Work to be completed » Restate word for word the entries below, starting at the line with "Tischgruppe Cassiopeia mit" and ending at the line with "Panasonic Lumix DMC-FZ1000". Keep both end lines and omit the pictures.

Dataset content »

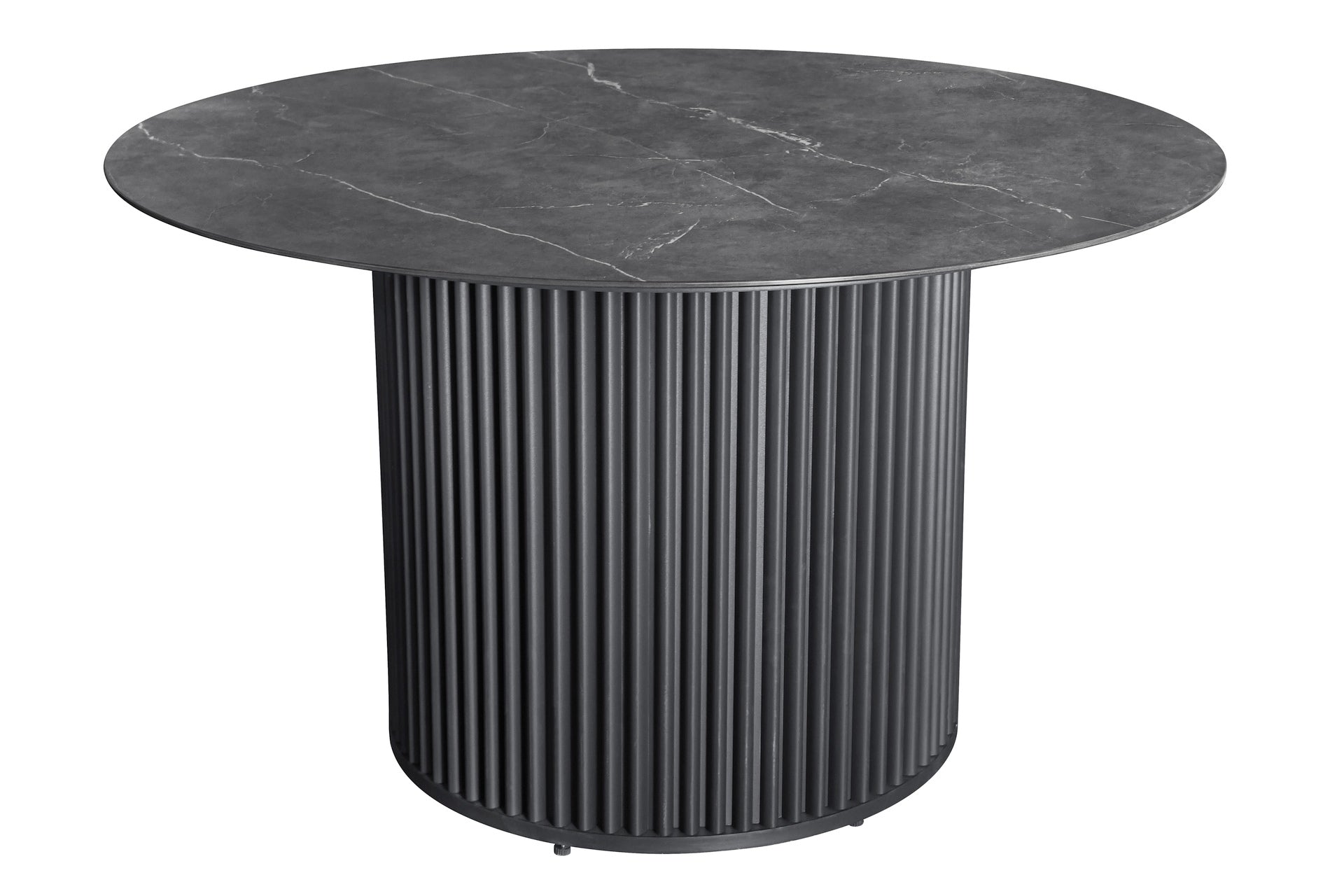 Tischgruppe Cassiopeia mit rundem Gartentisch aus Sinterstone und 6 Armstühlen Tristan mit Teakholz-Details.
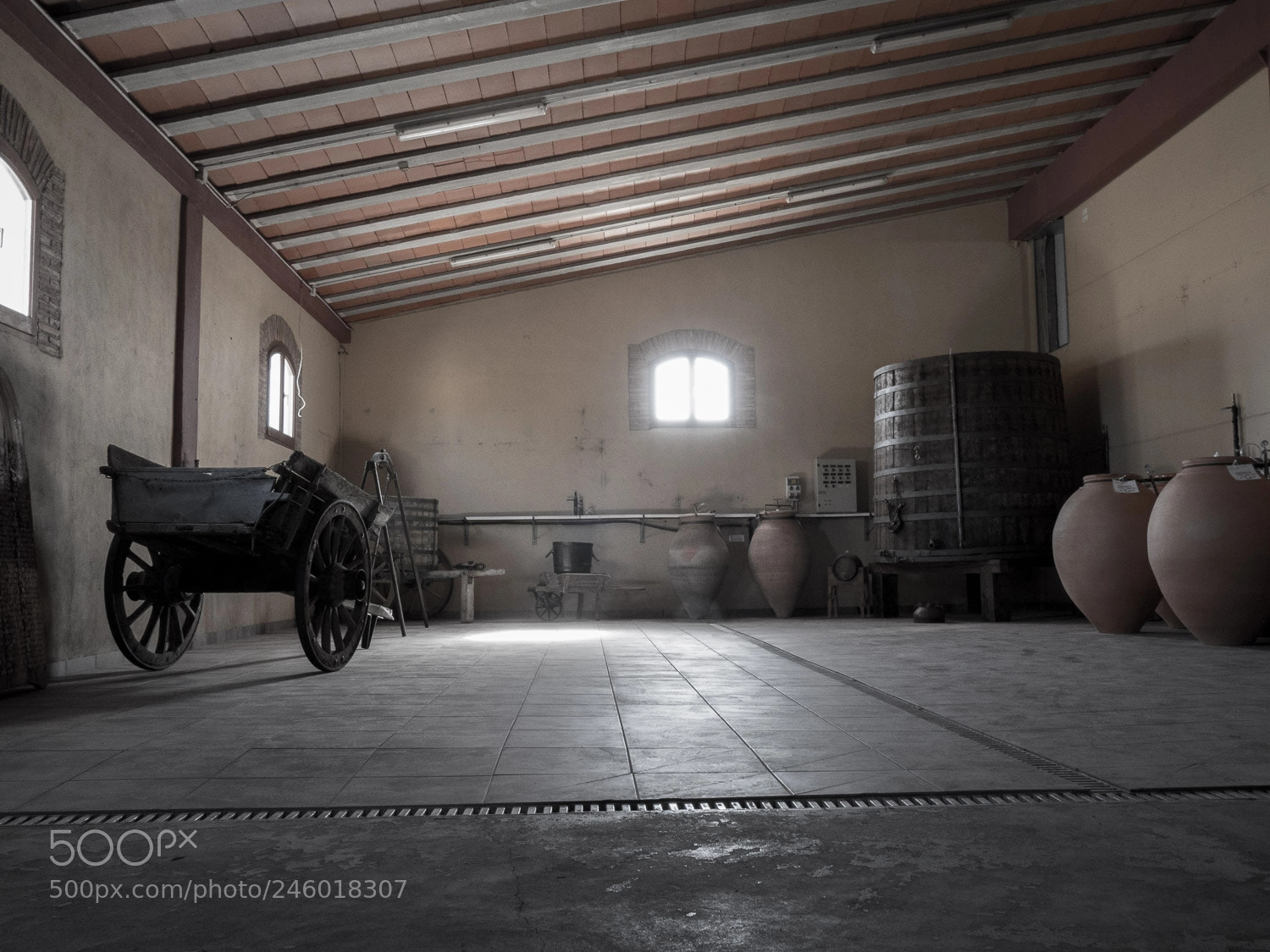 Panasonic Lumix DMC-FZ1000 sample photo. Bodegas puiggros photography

==

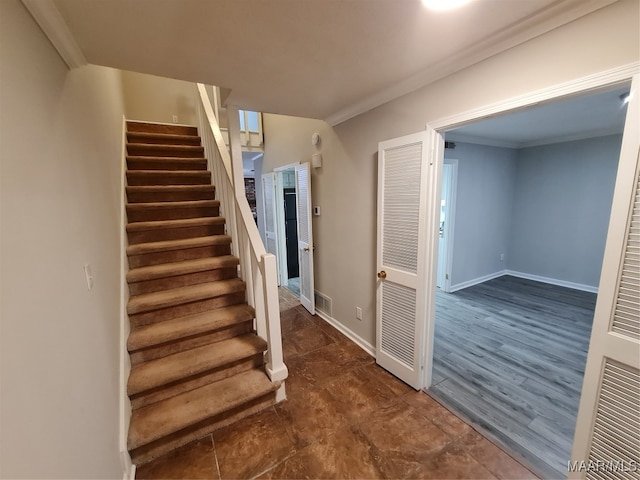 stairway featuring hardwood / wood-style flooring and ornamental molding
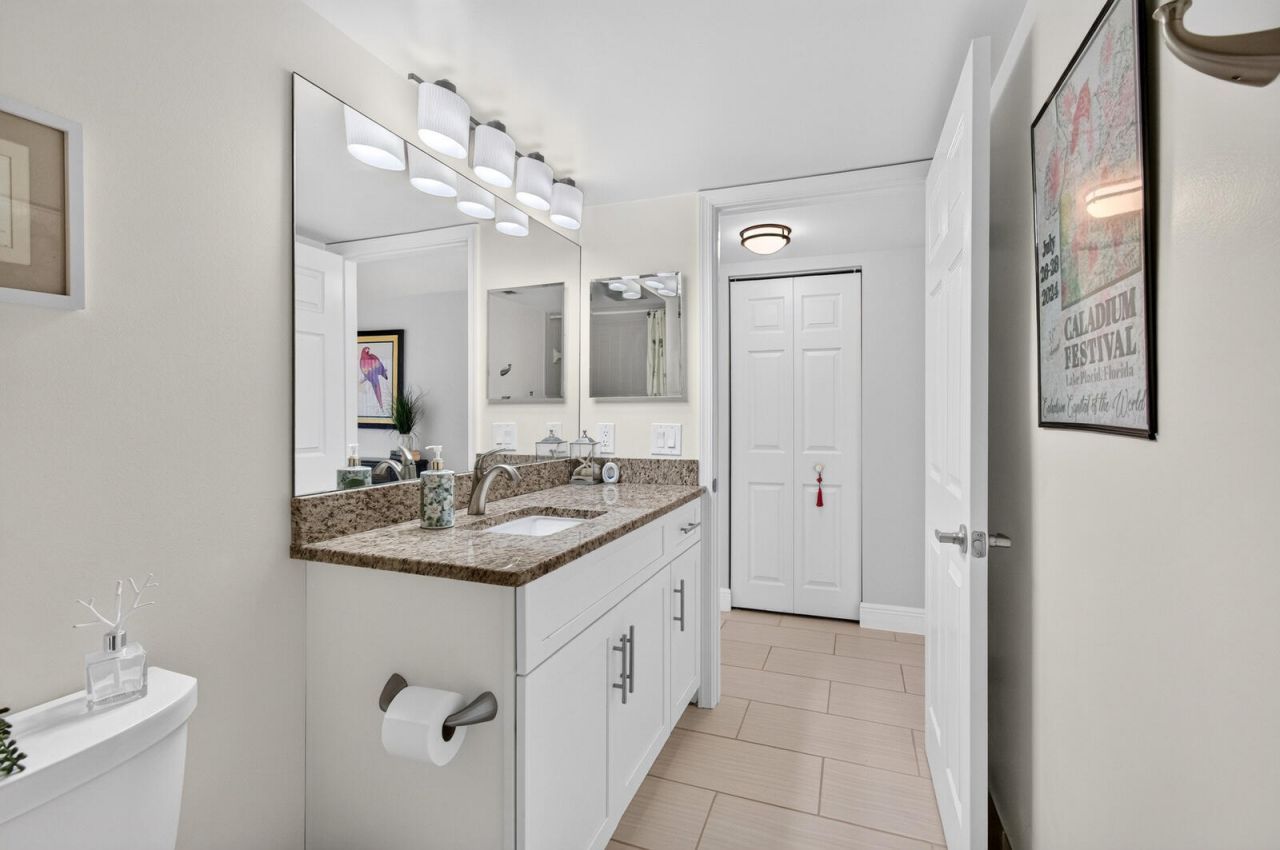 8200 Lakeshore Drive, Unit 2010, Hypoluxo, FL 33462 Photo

* * *

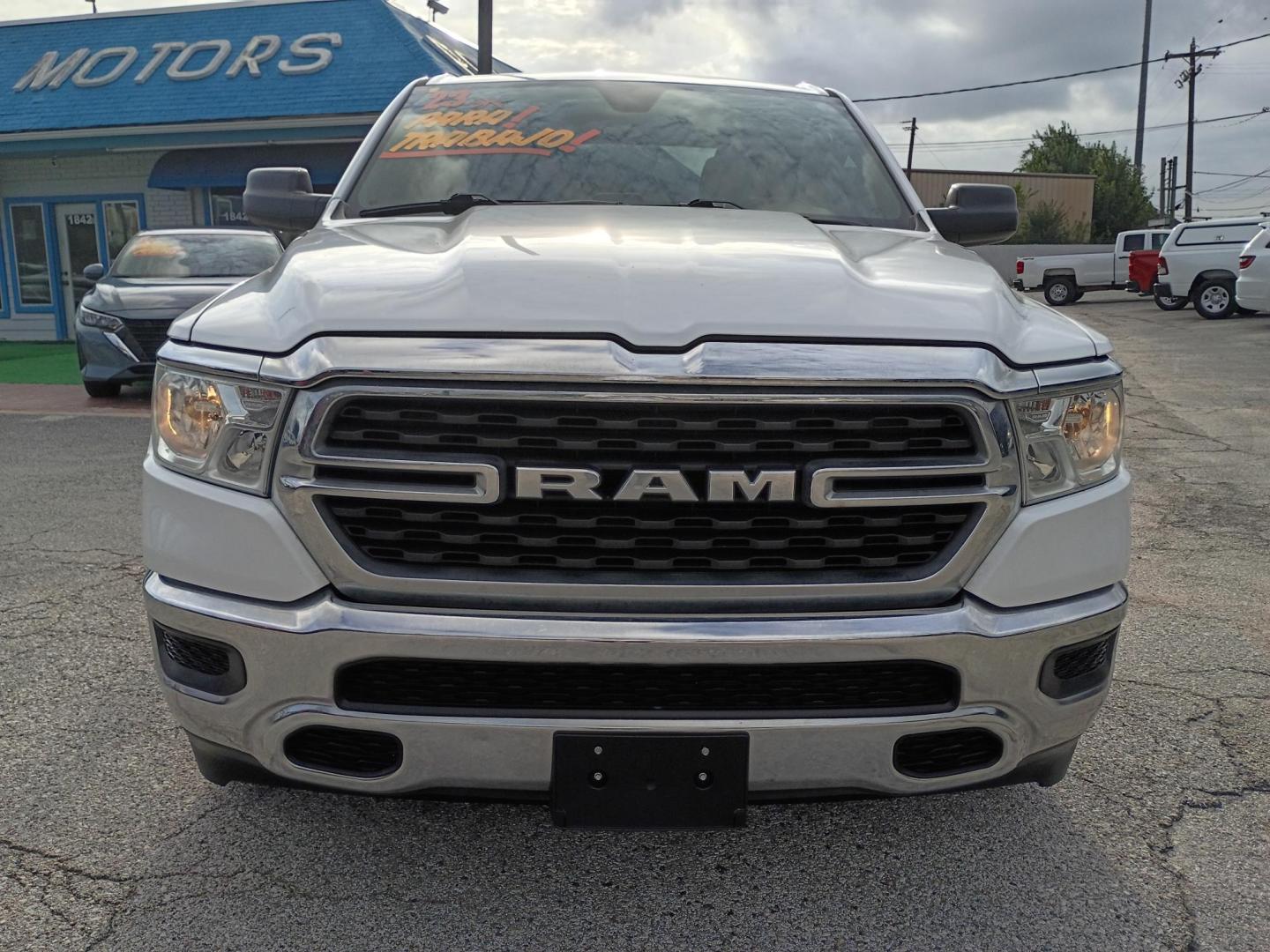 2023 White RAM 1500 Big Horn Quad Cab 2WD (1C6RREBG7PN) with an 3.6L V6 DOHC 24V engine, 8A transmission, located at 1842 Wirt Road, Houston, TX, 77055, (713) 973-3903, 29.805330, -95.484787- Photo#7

Answer to this exercise »
 Tischgruppe Cassiopeia mit rundem Gartentisch aus Sinterstone und 6 Armstühlen Tristan mit Teakholz-Details.
 Panasonic Lumix DMC-FZ1000 sample photo. Bodegas puiggros photography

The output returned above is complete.